Il est frappant que la mise en place de cette commission exploratoire coïncide avec la fête de l’Aïd al-Adha, durant laquelle Sa Majesté le Roi, en sa qualité de Commandeur des croyants, a choisi d’alléger la charge de son peuple en les dispensant du sacrifice rituel, tout en leur permettant de conserver les autres rites. Cette décision, conforme à l’école juridique marocaine modérée, signifie qu’aucun Marocain n’a à se sentir coupable de ne pas acheter de mouton pour l’Aïd, d’autant plus que cette mesure a une portée juridique visant à protéger l’intérêt général en sauvegardant le cheptel.
Cette coïncidence révèle que le Maroc a vécu l’une des plus grandes supercheries de son histoire, incarnée par ce gouvernement et par l’héritage qu’il a reçu du Plan Maroc Vert. De nombreux pays, malgré des conditions extrêmement difficiles, ont réussi à atteindre l’autosuffisance en matière d’élevage, tandis que nous, qui avons dépensé des milliards de dirhams pour le Plan Maroc Vert, n’avons vu ni pâturages ni cheptel dignes de ce nom.

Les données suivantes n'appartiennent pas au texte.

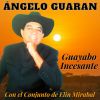 Download track Guayabo Incesante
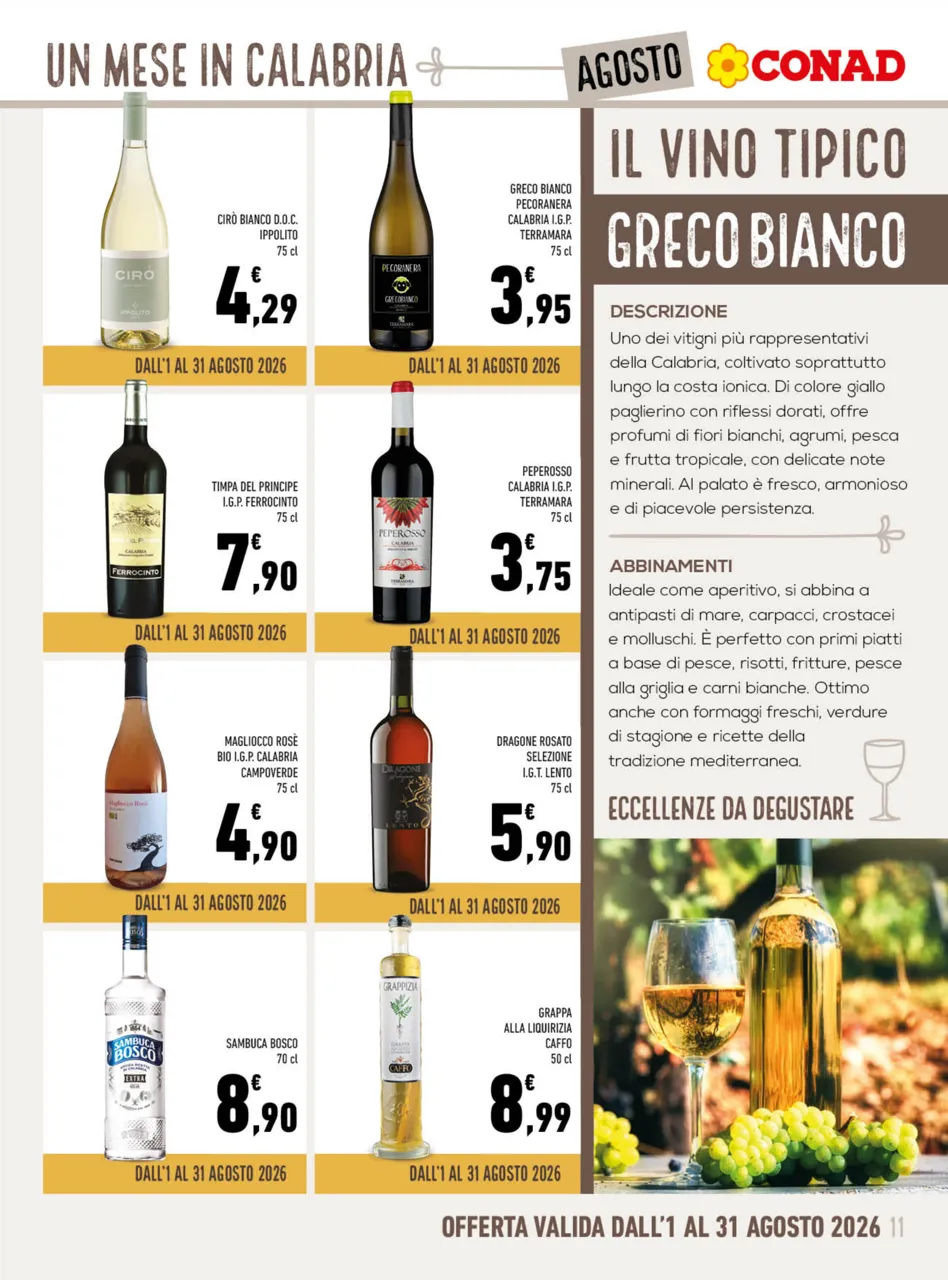 Pagina 11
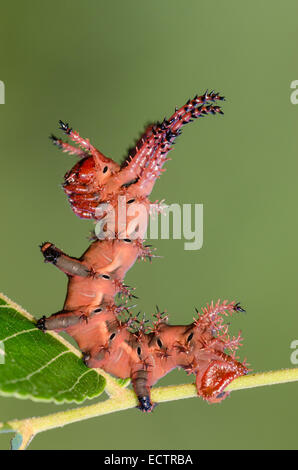 Königliche Motte aka HIckory gehörnten Teufel aka Royal Walnuss Motte, 3. Instar Larve auf Schwarznuss. Stockfoto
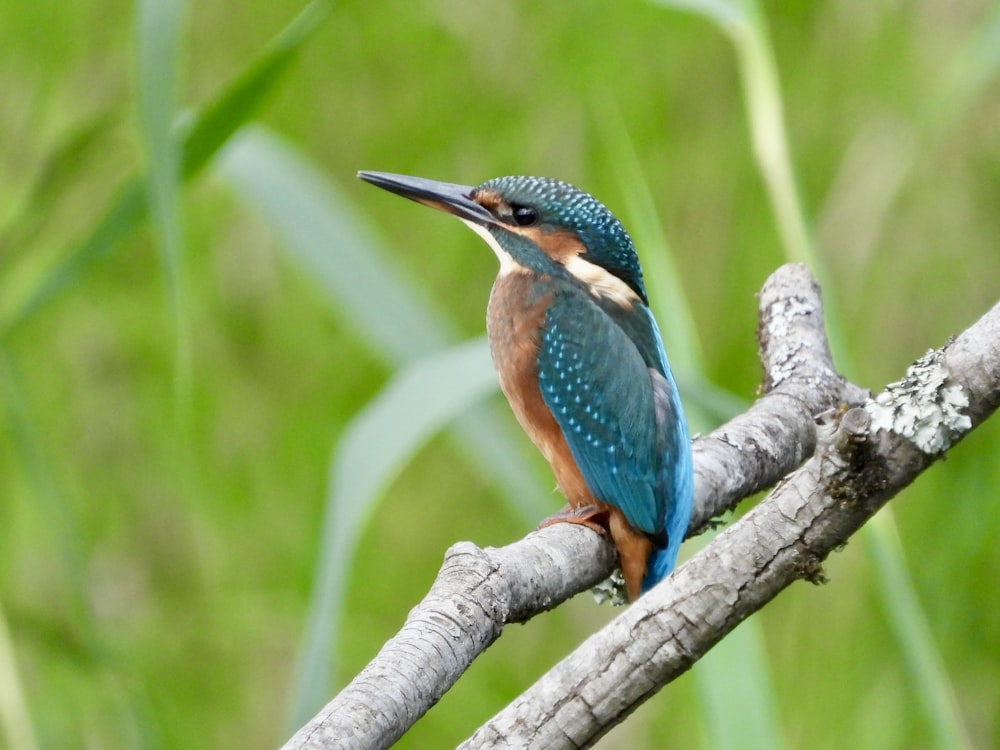 a blue and brown bird sitting on top of a tree branch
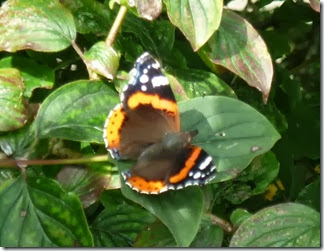 red admiral red admiral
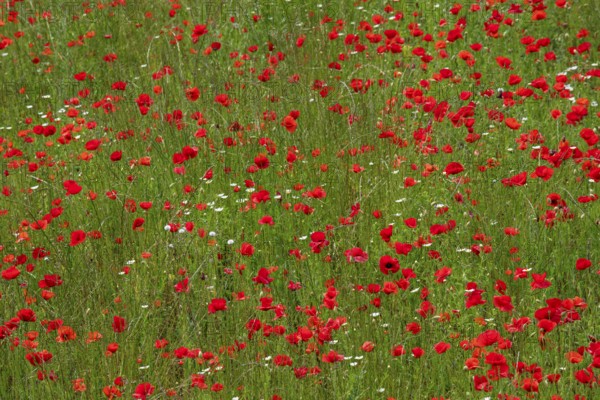 Poppy field near Rovinj, Istria, Croatia, Europe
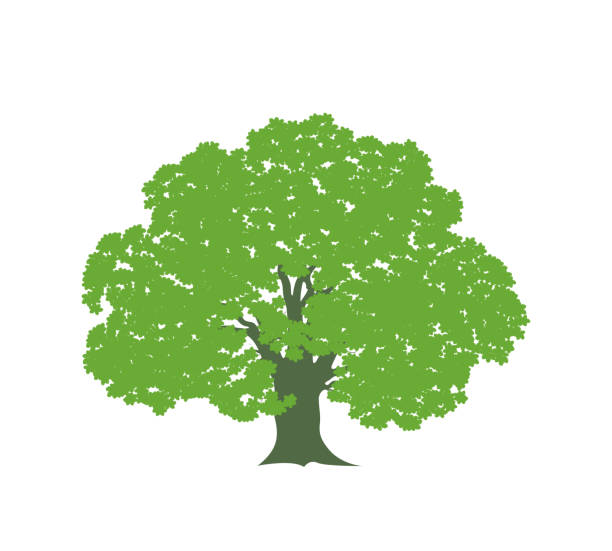 illustrations, cliparts, dessins animés et icônes de logo d'arbre de chêne. chêne d'isolement sur le fond blanc - chestnut tree leaf tree white background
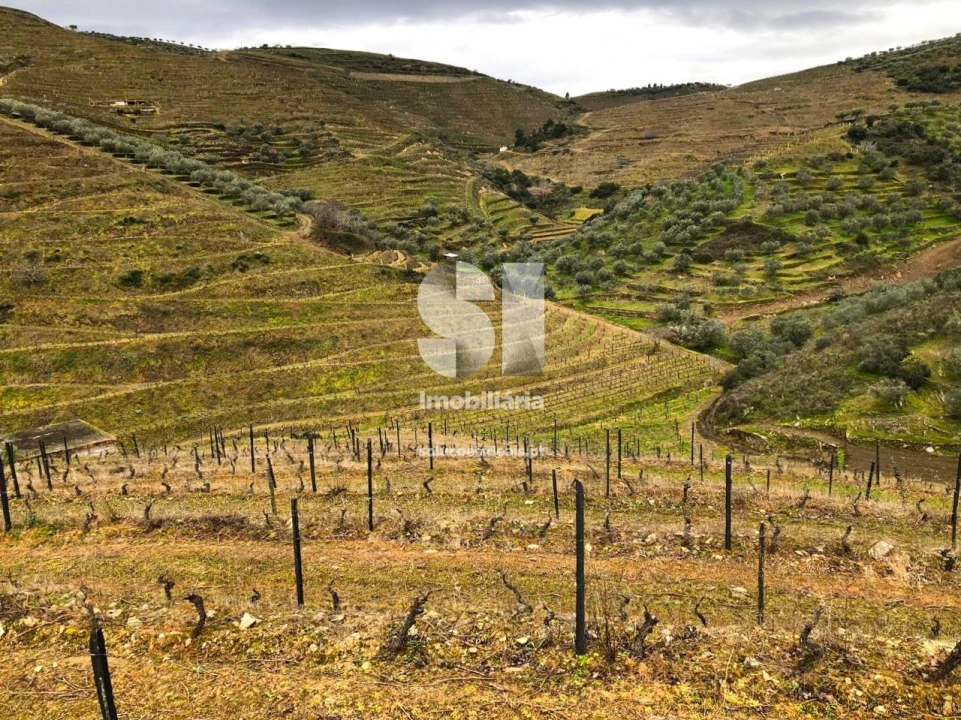 Terreno para Venda em Candedo Foto 16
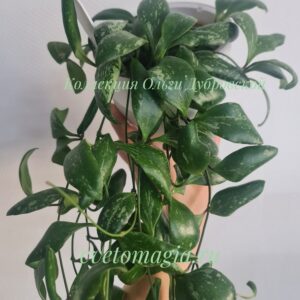 Hoya Brevialata splach
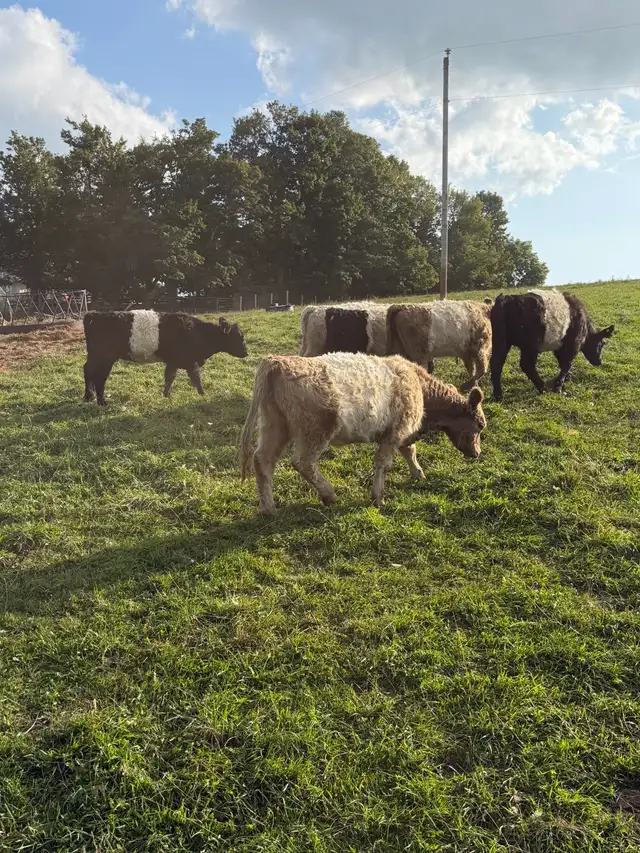 6  galloway  heifers for sale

Dans un pays qui a consacré 52 milliards de dirhams à un seul des fonds de développement rural, sans parler des nombreuses autres subventions, on aurait dû assister à l’émergence d’un Maroc capable d’assurer sa souveraineté et sa sécurité alimentaires. Heureusement, notre pays dispose d’institutions solides qui garantissent la sécurité et la stabilité ; le gouvernement aurait dû les mobiliser pour construire un avenir durable reposant sur la sécurité alimentaire, le type de sécurité le plus fondamental. Car l’absence de sécurité alimentaire entraîne des répercussions sur tous les autres aspects de la sécurité, compliquant ainsi le travail des autres institutions.
La fête a ainsi mis à nu l’échec du Plan Maroc Vert, un échec dont porte l’entière responsabilité Aziz Akhannouch, qui en avait la tutelle depuis son poste de ministre de l’Agriculture et qui détenait une délégation du chef du gouvernement lui permettant de le gérer et de dépenser les fonds du Fonds de développement rural.